黒沢さんは途中で歌詞を全部忘れた。そこから先はバックダンサーが外国の方っぽい感じだったので
Oh~ yeah~ 外国の方、外国の方、外国の方
とだけ歌っていた。
それがすごく良かったので今でもかなり頻繁に思い出している。
いいな、と思って聞いていた時はもっと何気ない些細な気持ちで、こんなに頻繁に思い出すとは夢にも思わなかった。
「外国の方」
その頃のテレビは今よりもっと野蛮な感じだったので「外国の方」という言葉がどこかに存在している余地はなかった、気がする。かといって「外人」という言い方も多分放送禁止だったので、じゃあ外国の方のことはなんと呼んでいたんだろうと「YOUは何しに日本へ」のwikipediaを見たら
番組内では性別・年齢問わず外国人は全て「YOU」と呼称する
とあった。「YOU」って。友達でもないのに、どうしてそんなに偉そうなのか。
私が「外国の方〜」という偶発的な替え歌を頻繁に思い出すのは、冷静な表現をしているだなのに、すでに何かに冷静ではなくなっている人々の常軌を逸した傲慢さが浮き彫りになってくるからだった。
こちらは冷静になっただけなのに。
平たく言えば、その場に漂っている根拠のない傲慢さに持って行かれない精神的態度を得た気がした。これを利用して、べらぼうに使い倒した異常性で「通常営業」という名の異常性を押し通している方々の出鼻をくじくことができる。
どういった出鼻をくじくのか。
例えばこちらが目的地に向かう道の知識がないというだけで深いため息をつくタクシー運転手に対して
Oh~ yeah~ 運転の方、運転の方、運転の方
こういったことを考える。
そうすると、なぜかタクシー運転手の方が「スン」となり、密室内でハンドルという命を左右する装置を握りしめているのをいい事に専門知識をひけらかす傲慢な勢いが削がれ、にわかに一般的なサービス業としての一面を見せてくる、ような気がする。この念は不思議と伝わるのである。運転の方も、常に閉鎖空間で集中力を使い続ける仕事をしているので客の側が意識しなければ「運転の方」であると忘れているのかもしれない。
あるいはカウンターの寿司屋で
Oh~ yeah~ 板前の方、板前の方、板前の方
と念じたこともある。不思議とこの念は通じる。
板前の方は、ある程度のパワハラ的な雰囲気をサービスでやってくれている節もある。その辺りの塩梅は本当に難しいと思う。

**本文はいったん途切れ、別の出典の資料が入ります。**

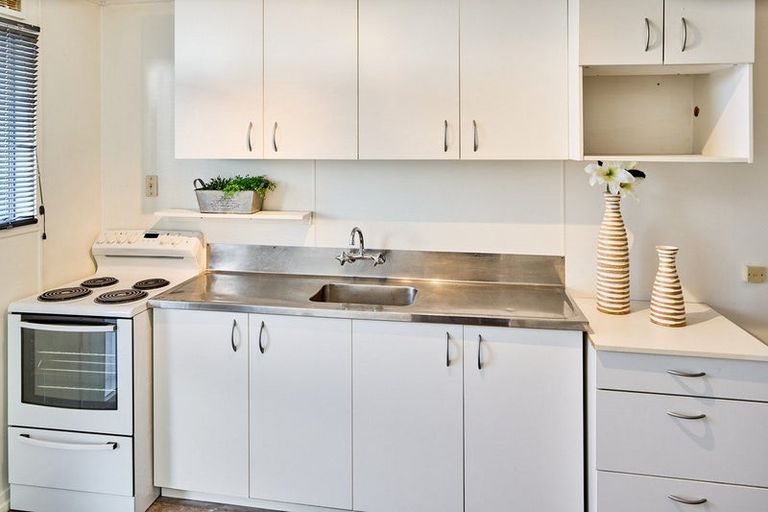 Photo of property in 2/35 Mana Esplanade, Paremata, Porirua, 5026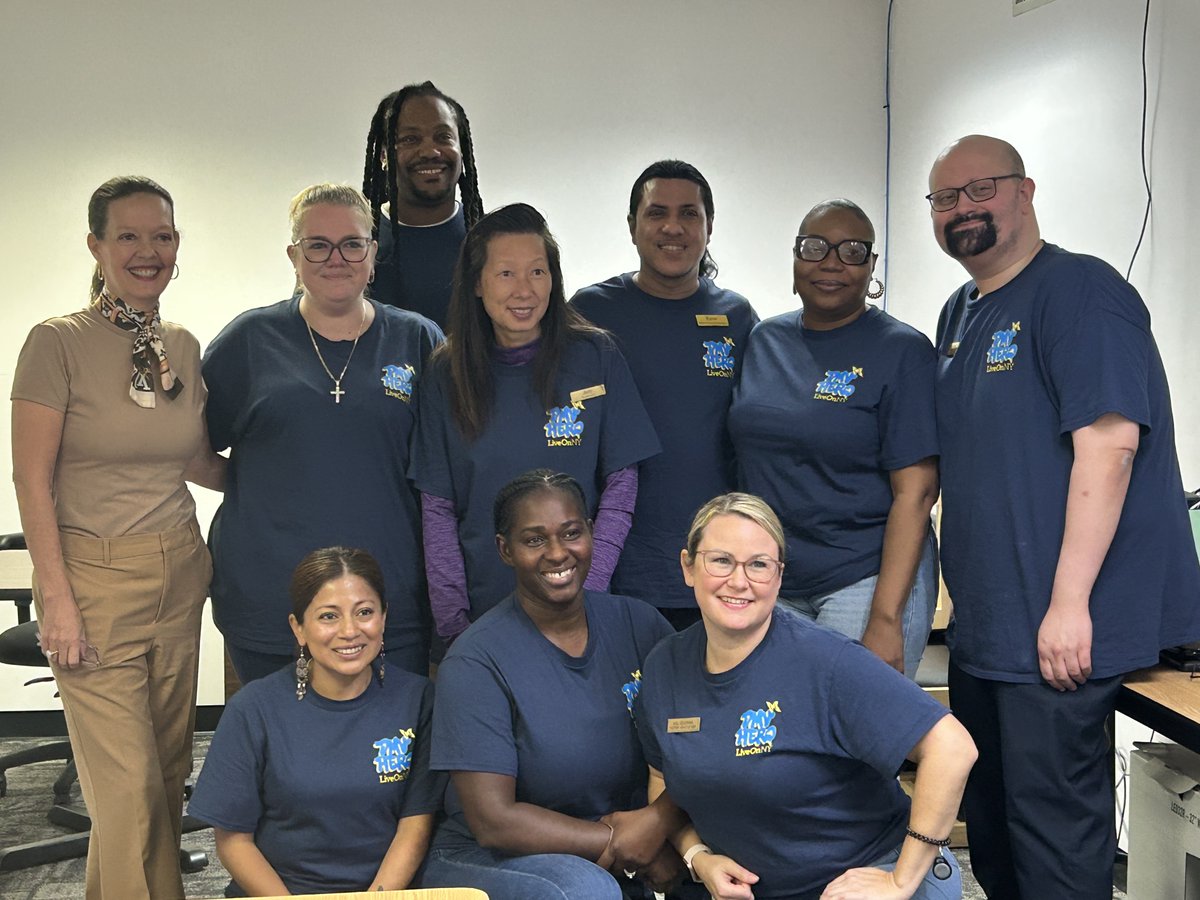 LiveOnNewYork's tweet photo. Alongside Jeanne Shields, we visited Orange County, Peekskill, and Putnam County @nysdmv teams to thank the incredible staff who help New Yorkers check "Yes" with @DonateLifeNYS every day.

Register your decision in 2 minutes: https://t.co/3L38v0p6AB

#LiveOnNY #CheckYes https://t.co/YDrBmXn8PY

「寿司はやっぱりカウンターで」という感覚は、出されて即食べる醍醐味にも由来しているが、それに加えて多少のパワハラのような「圧」が寿司のスパイスとして機能している側面も否めない。殺伐とした緊張感が味覚の感受性を底上げしているというか。職業に対する性差をなくそうという動きがこれだけ活発になっている現代でも寿司職人はやはり男性というムードが蔓延しているのは、男性の方がリアルなパワハラの感が上手い人が圧倒的に多いからなんじゃないかと思っている。寿司職人は、フェアトレードのコーヒー豆を売るオシャレで都会的で親切そうな店員の丁度真逆のオーラを発している。穴子にガスバーナーの直火が当てられているのを見ながら、やっぱり殺されそうになりながらギリギリのところで食べる寿司が一番味しちゃうのだろうか、と思ったりする。